*** Begin section ***

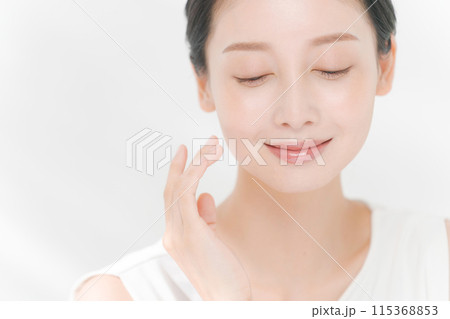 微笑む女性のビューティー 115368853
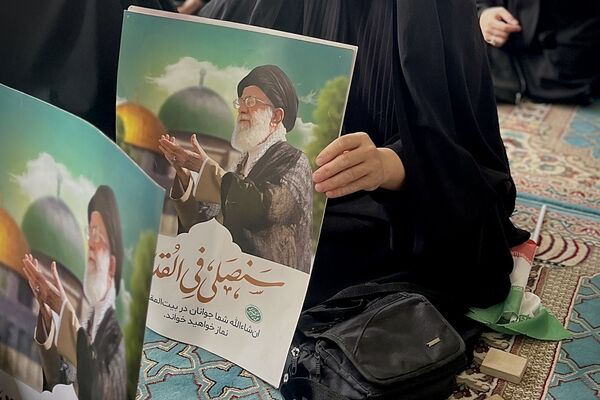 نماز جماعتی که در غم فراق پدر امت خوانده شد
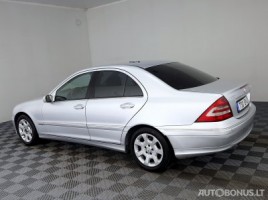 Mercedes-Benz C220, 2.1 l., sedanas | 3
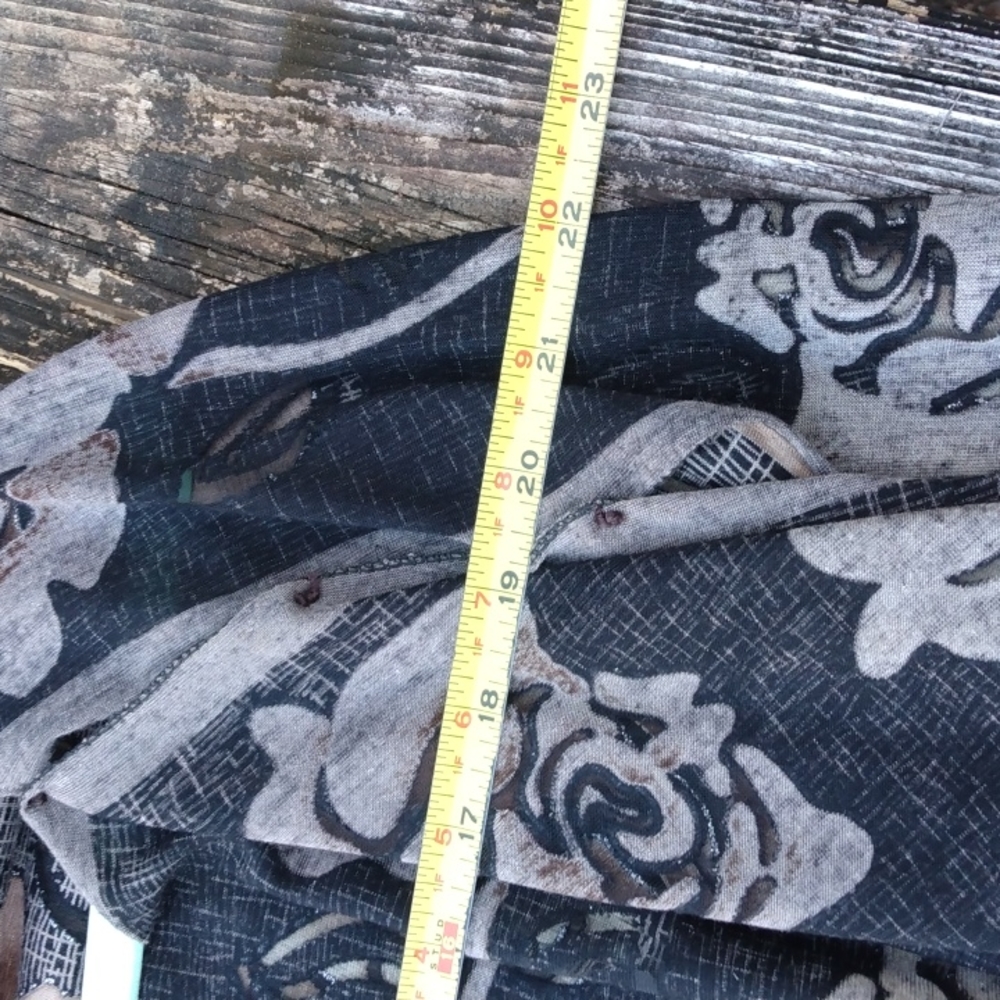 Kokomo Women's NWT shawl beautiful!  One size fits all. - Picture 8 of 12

*** End section ***

Assignment
Transcribe all the lines above exactly; any image among them is skipped.

Solution below
 微笑む女性のビューティー 115368853
 نماز جماعتی که در غم فراق پدر امت خوانده شد
 Mercedes-Benz C220, 2.1 l., sedanas | 3
 Kokomo Women's NWT shawl beautiful!  One size fits all. - Picture 8 of 12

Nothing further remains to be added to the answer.